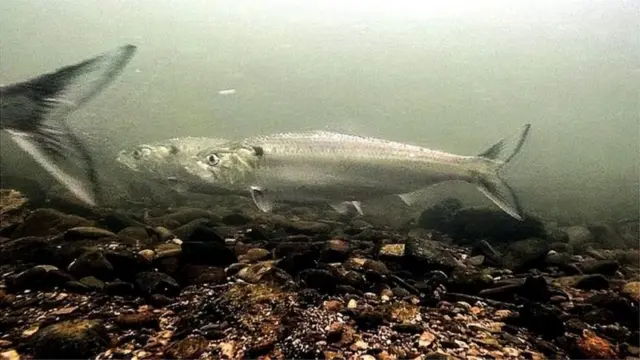 క్రోకర్ చేప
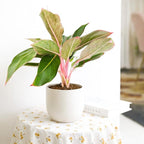 Chinese Evergreen 'Red Siam' (6 inch) - Air-Purifying Houseplants - 4/6 inch Unique Live Decorative Houseplants - Low-Maintenance Indoor Plants, House Warming Gift, Natural Air Purifier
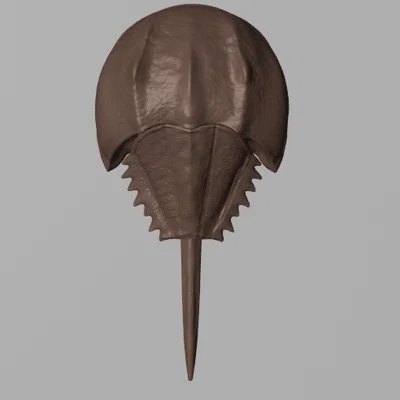 Tượng Cua Móng Ngựa (Horseshoe Crab Sculpture)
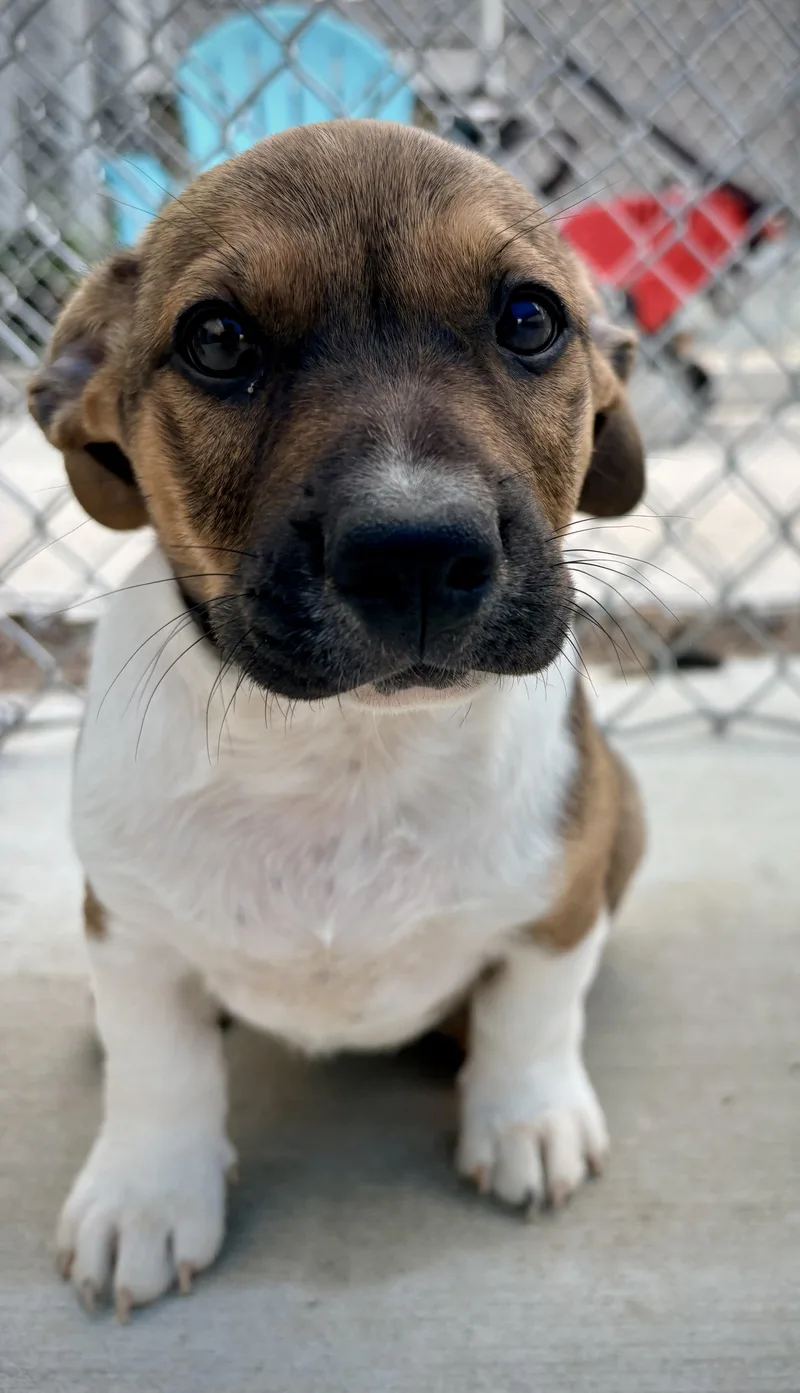 A baby medium-sized female Tricolor (Brown, Black, & White) Corgi dog named Boxi for adoption in Kalamazoo, MI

> _EXERCISE DIRECTIONS_
Everything in the listing above must be restated word for word, except the images.

> _TASK RESULT_
 క్రోకర్ చేప
 Chinese Evergreen 'Red Siam' (6 inch) - Air-Purifying Houseplants - 4/6 inch Unique Live Decorative Houseplants - Low-Maintenance Indoor Plants, House Warming Gift, Natural Air Purifier
 Tượng Cua Móng Ngựa (Horseshoe Crab Sculpture)
 A baby medium-sized female Tricolor (Brown, Black, & White) Corgi dog named Boxi for adoption in Kalamazoo, MI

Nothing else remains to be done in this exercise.